Book I Have Called You Friends

Download or read book I Have Called You Friends written by Frank T. Griswold and published by Cowley Publications. This book was released on 2006 with total page 308 pages. Available in PDF, EPUB and Kindle. Book excerpt: Throughout his nine-year term as Presiding Bishop of the Episcopal Church, Frank T. Griswold has taught about reconciliation: conversation, conversion, communion--all grounded in Jesus' meeting us in all our particularities and isolation and calling us into the ever greater friendship of the Holy Spirit. It seemed natural, then, that a book of essays in honor of the Presiding Bishop at the end of his term should take reconciliation as its theme. Each of the contributors-church leaders from all over the globe--focuses in his or her own way on reconciliation and our participation in what God has already accomplished through Christ. I Have Called You Friends is a proper and loving gift to man who has served as the overseer of the Episcopal Church, and as a teacher and a friend. But it is more than that. It is an enterprise in theological reflection on a vital topic for citizens of the twenty-first century.
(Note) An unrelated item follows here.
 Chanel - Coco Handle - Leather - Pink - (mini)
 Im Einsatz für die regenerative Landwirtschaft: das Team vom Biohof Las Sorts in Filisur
Book Encountering the Other

    Book Details:
  • Author : Laura Duhan-Kaplan
  • Publisher : Wipf and Stock Publishers
  • Release : 2020-04-17
  • ISBN : 1532633289
  • Pages : 268 pages

Download or read book Encountering the Other written by Laura Duhan-Kaplan and published by Wipf and Stock Publishers. This book was released on 2020-04-17 with total page 268 pages. Available in PDF, EPUB and Kindle. Book excerpt: How do religious traditions create strangers and neighbors? How do they construct otherness? Or, instead, work to overcome it? In this exciting collection of interdisciplinary essays, scholars and activists from various traditions explore these questions. Through legal and media studies, they reveal how we see religious others. They show that Jewish, Christian, Islamic, and Sikh texts frame others in open-ended ways. Conflict resolution experts and Hindu teachers, they explain, draw on a shared positive psychology. Jewish mystics and Christian contemplatives use powerful tools of compassionate perception. Finally, the authors explain how Christian theology can help teach respectful views of difference. They are not afraid to discuss how religious groups have alienated one another. But, together, they choose to draw positive lessons about future cooperation.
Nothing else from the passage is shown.